_Required action_
Within the records below, reproduce without change the lines from the line that has "Carpeted bedroom featuring" through the line that has "Indoor rug with raised pattern cream", and only those.

_Input material_
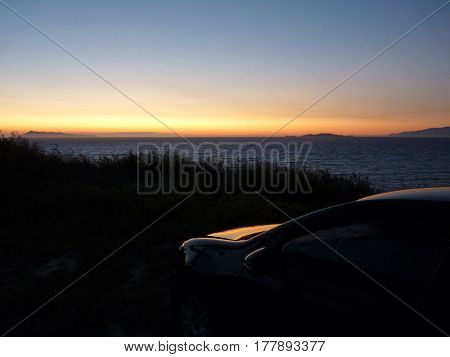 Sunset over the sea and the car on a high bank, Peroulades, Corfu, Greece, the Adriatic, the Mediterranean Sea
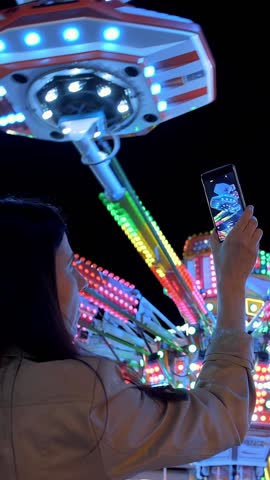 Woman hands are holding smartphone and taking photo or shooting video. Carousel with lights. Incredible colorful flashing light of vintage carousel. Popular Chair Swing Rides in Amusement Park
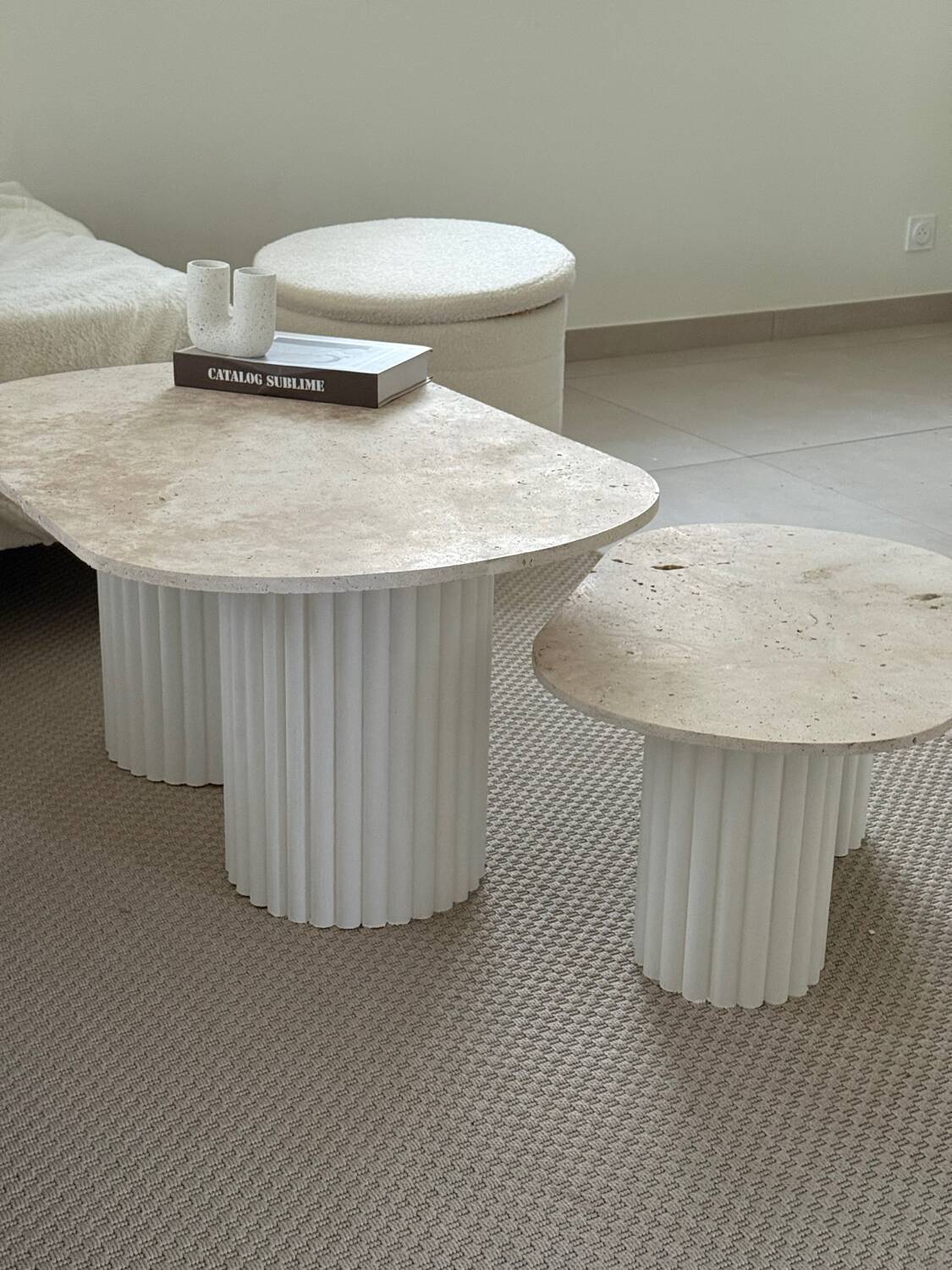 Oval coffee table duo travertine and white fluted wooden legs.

==

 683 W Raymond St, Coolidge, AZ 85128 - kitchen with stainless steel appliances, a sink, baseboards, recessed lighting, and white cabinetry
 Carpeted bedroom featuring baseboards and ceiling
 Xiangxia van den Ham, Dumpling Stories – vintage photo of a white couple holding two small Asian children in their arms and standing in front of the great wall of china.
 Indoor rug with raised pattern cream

* * *

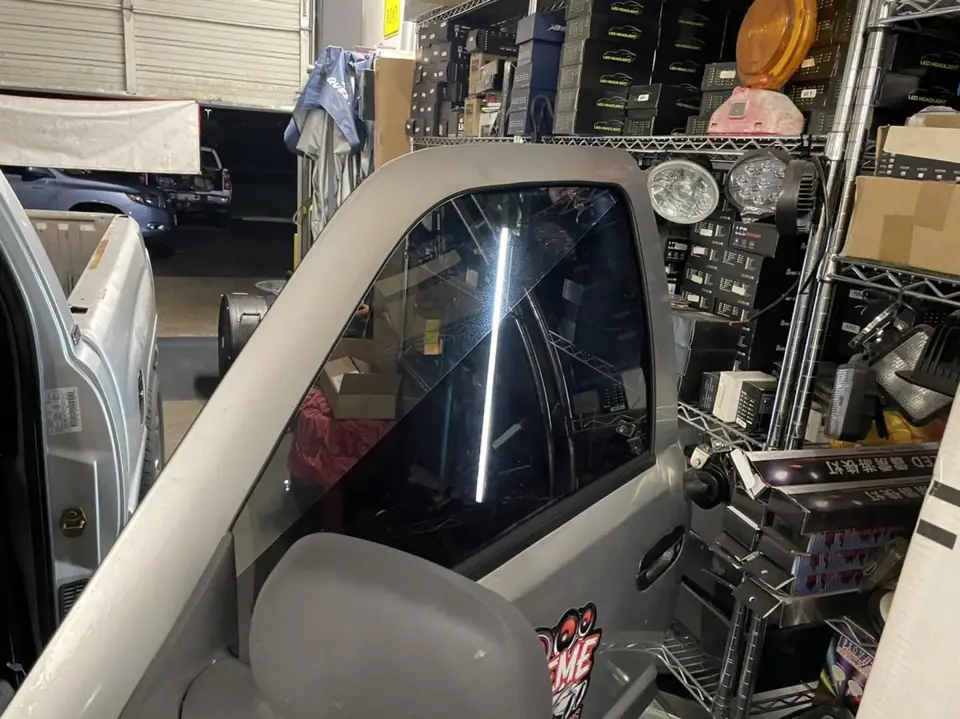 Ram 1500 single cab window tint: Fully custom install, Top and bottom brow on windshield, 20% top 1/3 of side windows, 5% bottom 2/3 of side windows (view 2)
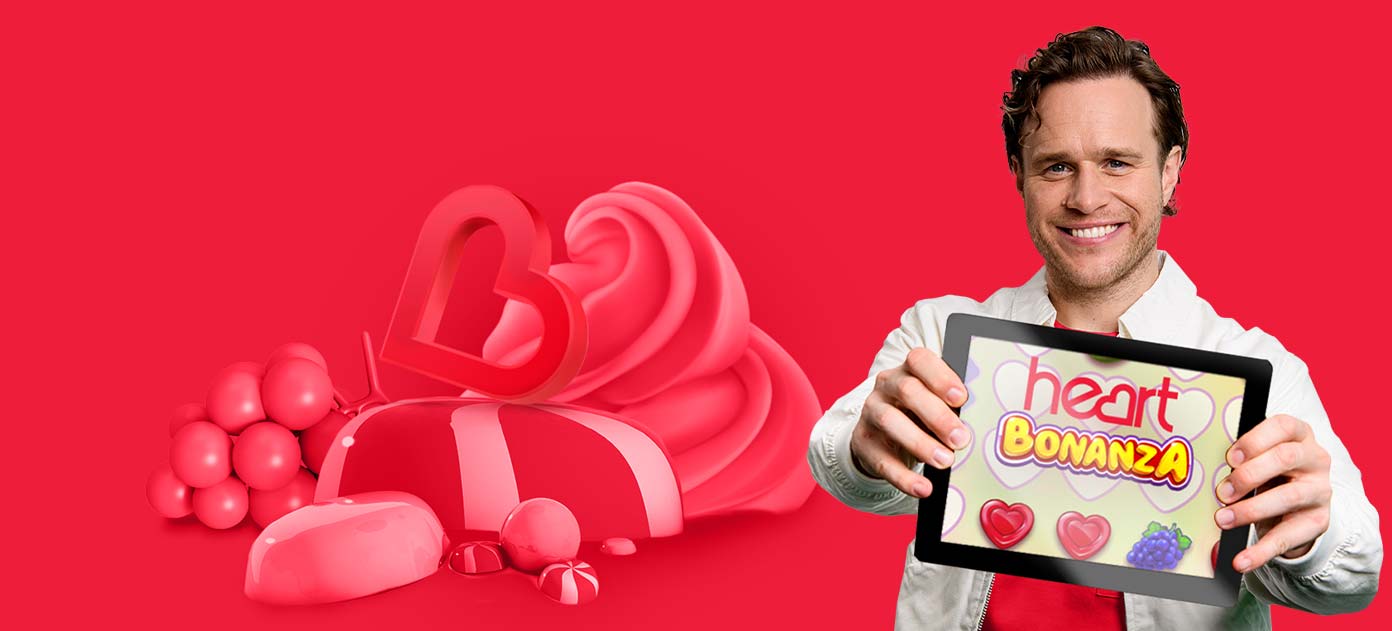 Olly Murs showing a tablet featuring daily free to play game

_Answer to this task_
 Carpeted bedroom featuring baseboards and ceiling
 Xiangxia van den Ham, Dumpling Stories – vintage photo of a white couple holding two small Asian children in their arms and standing in front of the great wall of china.
 Indoor rug with raised pattern cream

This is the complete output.